Popularity remains steady, regardless of the time of year
He Ara Kotahi’s popularity has remained constant. In its opening weekend 12,000 people used the pathway and over the first six months, 333,000 users were recorded.
Those high user numbers have continued, and as at midday on Thursday 4 June, 602,100 people had used the pathway.
Mayor Grant Smith says the pathway’s popularity has proved many wrong.
"In the early stages we expected about 1,000 people a day would use He Ara Kotahi, but many people in our community didn’t believe it would ever see such high usage. The data from the first year shows that we’re seeing close to double our original estimate of users. This is a great example of why it is so important to invest in infrastructure, and the positive benefits that come from that for our community.”
Mr Smith says the pathway was focused primarily on being a safer commuter route between our city centre and Linton Military Camp and Massey University.
“He Ara Kotahi has been a commuter hit, but we’ve also seen our residents fall back in love with our river for recreational purposes. Families are enjoying the pathway every weekend, events are being staged around the main bridge and we’ve even had engagements and a wedding occur.”
Council Chief Executive Heather Shotter says He Ara Kotahi is a wonderful example of what happens when different partners come on board for the benefit of our city.
“We couldn’t have done this project alone. He Ara Kotahi was funded by the New Zealand Government Urban Cycleways programme, NZ Transport Agency, Palmerston North City Council, Central Energy Trust and Powerco. Rangitāne, Massey University, Horizons Regional Council and the New Zealand Defence Force have been and continue to be key partners in the ongoing work associated with He Ara Kotahi and our river park. This partnership means we can bring our Manawatū River Framework to life by working together to ensure there are more things to see and do at our river each year.”
He Ara Kotahi impresses nationally too
In November, He Ara Kotahi scooped up a top transport award. Our new landmark won the Sustainable Transport Leadership category at the NZ Transportation Institute Awards.
We’re also currently finalists in the Living Streets Aotearoa Awards Golden Foot Walking Award category. Winners will be announced next week.
Both awards focus on the recreational and commuter impact He Ara Kotahi has had on our city.
He Ara Kotahi will only get more popular
Since He Ara Kotahi opened, a new toilet block was installed, and the carpark resealed.

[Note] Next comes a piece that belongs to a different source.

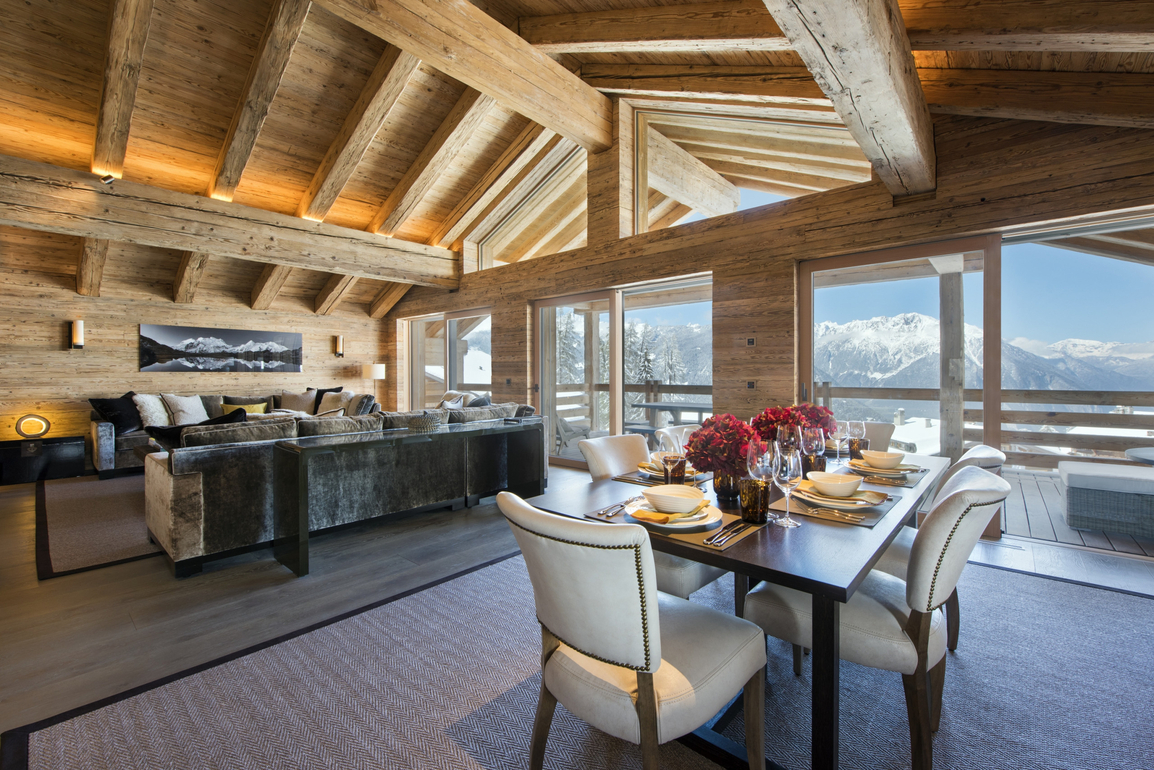 appartement-rosalp-combles-verbier-sejour-table-dressee-vue-01.jpg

Over the coming months we’re looking at installing picnic tables and toilets at the Linton end of the pathway.
Urban Eels, which is accessed from He Ara Kotahi, will open this winter. This project, which is being delivered with other partners, will allow people to get up close to see the eels in the Turitea Stream.
Construction will also begin this summer on the new Manawatū River entranceway, which will link the Victoria Esplanade and main bridge. We’ll be releasing artist impressions of the new entranceway, which sits between the Scenic Railway Station and Holiday Park, very soon. Next year we’ll also be looking at beginning construction for the viewing platform that will sit on Turitea Pā – one of the most culturally significant sites along the He Ara Kotahi route.